I was in my friends' apartment this weekend trying to explain how much Tony Hoagland means to me. He profoundly changed the way I thought about my poetry. Here's what I couldn't articulate properly on Sunday. I came into grad school writing safe, pseudo-confessional jibba-jabba. These were poems that felt "deep," but actually just skimmed the surface of deeper issues. They were fun to read to a group of a strangers--it felt risky. It wasn't. Hoagland sat me down, and we had a meeting that I think about almost every time I work on a poem. At the meeting, Hoagland read one poem to me. One poem. W.S. Merwin's "Yesterday" touched my ears and I began to weep. It was the poem. It was the sound of Hoagland's voice, reading.
It was that I realized just how far off-course I was going.
To this day, I think Hoagland knew exactly what would happen. We talked a bit more, and I left the meeting almost shaken.

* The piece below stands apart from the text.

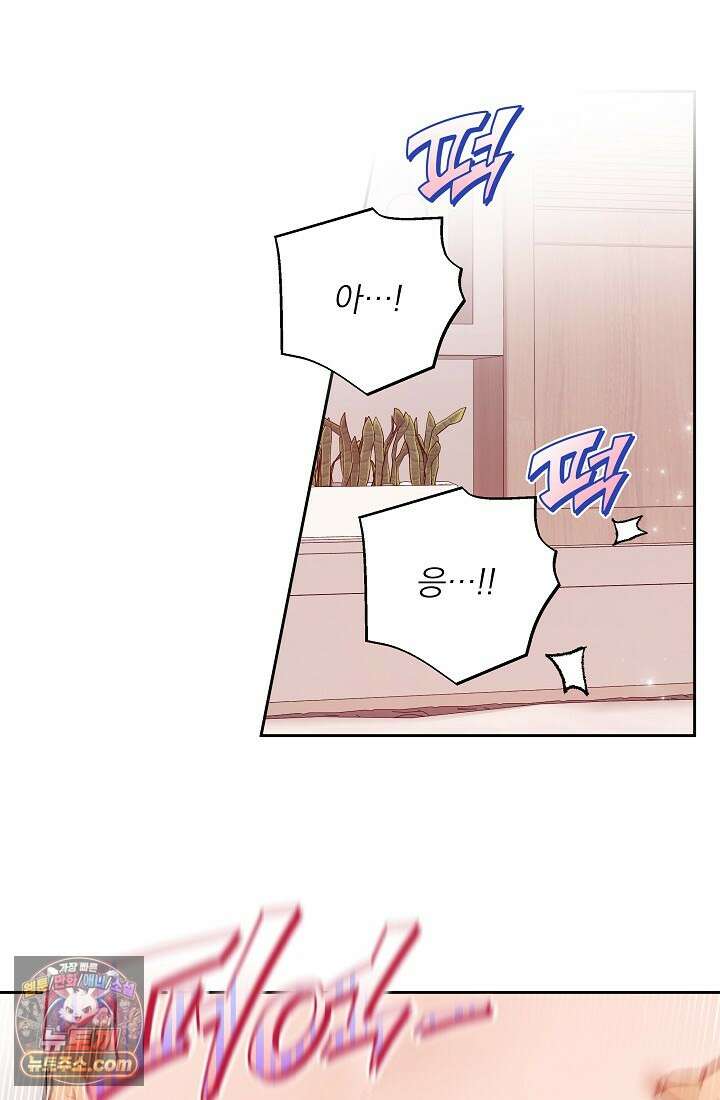 레디 슛, 포 러브(Ready Shoot, For love)  48화 8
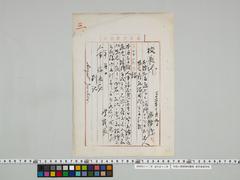 Historic Foreign Lecturer Affairs Report document from 1889 to 1922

What I took away from that meeting is difficult to express, but I have thought about it like this: Don't go the edge of the fire. Step into it.
I will be disoriented, on fire: that's fine. I can worry about line breaks and rhythm later--after I'm sure that I've found the center of the fire. And, even if I don't find the center, it's at least productive for me to stumble around with honest sentences and diction trying to find that point of heat where things matter.